Anzi, a essere precisi, la permanente estraneità è una delle condizioni basilari per il prosieguo di una sana relazione. Più intimo è il rapporto e più la vicendevole estraneità emerge per fornire nuove basi a una comprensione reciproca più intima e a un legame più profondo.

Naturalmente questa estraneità che sempre riemerge implica anche un elemento di sfida e, se non si hanno determinazione e capacità sufficienti per trasformare tale potenziale minaccia in un arricchimento reciproco, il rapporto è a rischio.

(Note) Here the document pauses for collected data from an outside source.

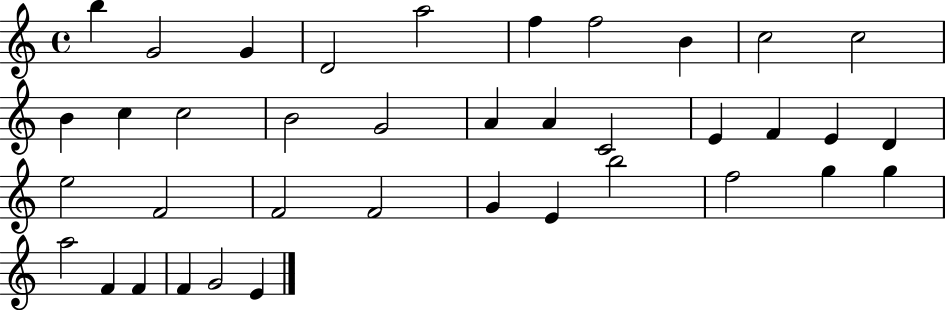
X:1
T:Untitled
M:4/4
L:1/4
K:C
b G2 G D2 a2 f f2 B c2 c2 B c c2 B2 G2 A A C2 E F E D e2 F2 F2 F2 G E b2 f2 g g a2 F F F G2 E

Troppi fallimenti matrimoniali cercano giustificazione nel mantra “Questa non è la persona che ho sposato cinque, dieci, venti anni fa”. La risposta è: «Ovviamente, non lo è!». Un efficace corso di preparazione matrimoniale dovrebbe sottolineare chiaramente la prevedibilità di un simile cambiamento. Una valida consulenza di sostegno coniugale durante periodi di difficoltà dovrebbe mettere in chiaro che i partner cambiano e continuano a cambiare in modo potenzialmente arricchente, ma che talvolta può rappresentare una seria minaccia.

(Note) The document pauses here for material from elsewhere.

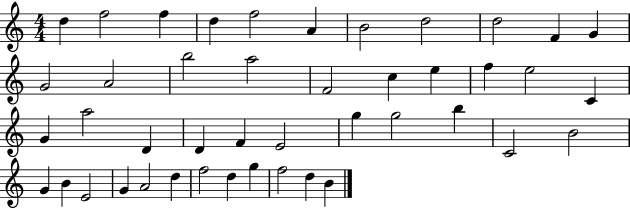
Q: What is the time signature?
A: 4/4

Senza il cambiamento e l’adattamento delle rispettive personalità, non c’è crescita e, senza crescita, si va incontro solo alla noia, o peggio alla morte. Il segreto di tutti i rapporti soddisfacenti, matrimonio incluso, consiste nella capacità di riconoscere e valorizzare i mutamenti della personalità dell’altro, riconoscendoli come fonte di arricchimento interiore.

Incontrare l’altro, l’estraneo, è in pratica una combinazione fra la proiezione del sé, con le sue caratteristiche e i suoi interessi, e il genuino incontro con l’altro in quanto tale.

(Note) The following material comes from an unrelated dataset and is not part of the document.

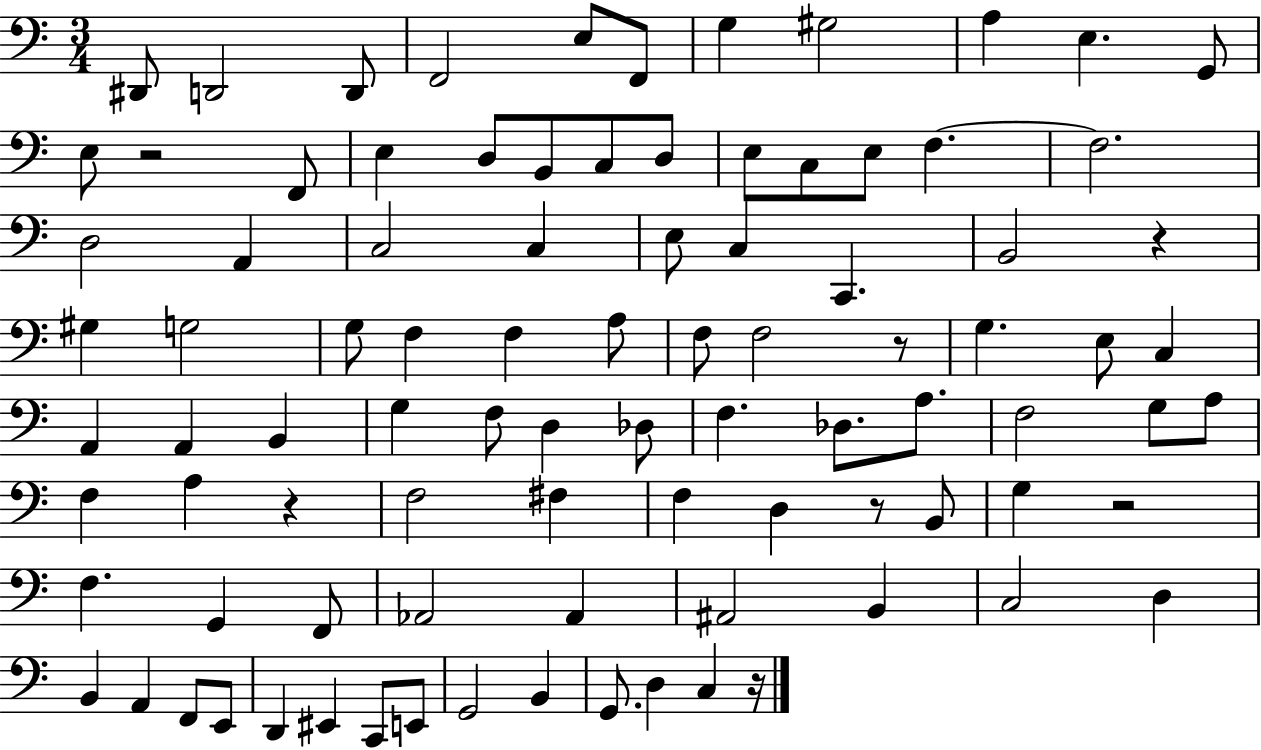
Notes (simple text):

D#2/e D2/h D2/e F2/h E3/e F2/e G3/q G#3/h A3/q E3/q. G2/e E3/e R/h F2/e E3/q D3/e B2/e C3/e D3/e E3/e C3/e E3/e F3/q. F3/h. D3/h A2/q C3/h C3/q E3/e C3/q C2/q. B2/h R/q G#3/q G3/h G3/e F3/q F3/q A3/e F3/e F3/h R/e G3/q. E3/e C3/q A2/q A2/q B2/q G3/q F3/e D3/q Db3/e F3/q. Db3/e. A3/e. F3/h G3/e A3/e F3/q A3/q R/q F3/h F#3/q F3/q D3/q R/e B2/e G3/q R/h F3/q. G2/q F2/e Ab2/h Ab2/q A#2/h B2/q C3/h D3/q B2/q A2/q F2/e E2/e D2/q EIS2/q C2/e E2/e G2/h B2/q G2/e. D3/q C3/q R/s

Quando predominano le proiezioni, il sé è fondamentalmente introflesso e incapace di riconoscere l’altro come veramente diverso, come un altro non condizionabile e impossibile da possedere. Questa irriducibile diversità è essenziale per l’accettazione autentica dell’altro, nonché per il rispetto e per una vera risposta alle sue esigenze. Significa accettare che l’altro trascende l’io e non potrà mai diventare una sorta di nostro possesso, o estensione del nostro ego, né potrà mai essere strumentalizzato a nostro vantaggio.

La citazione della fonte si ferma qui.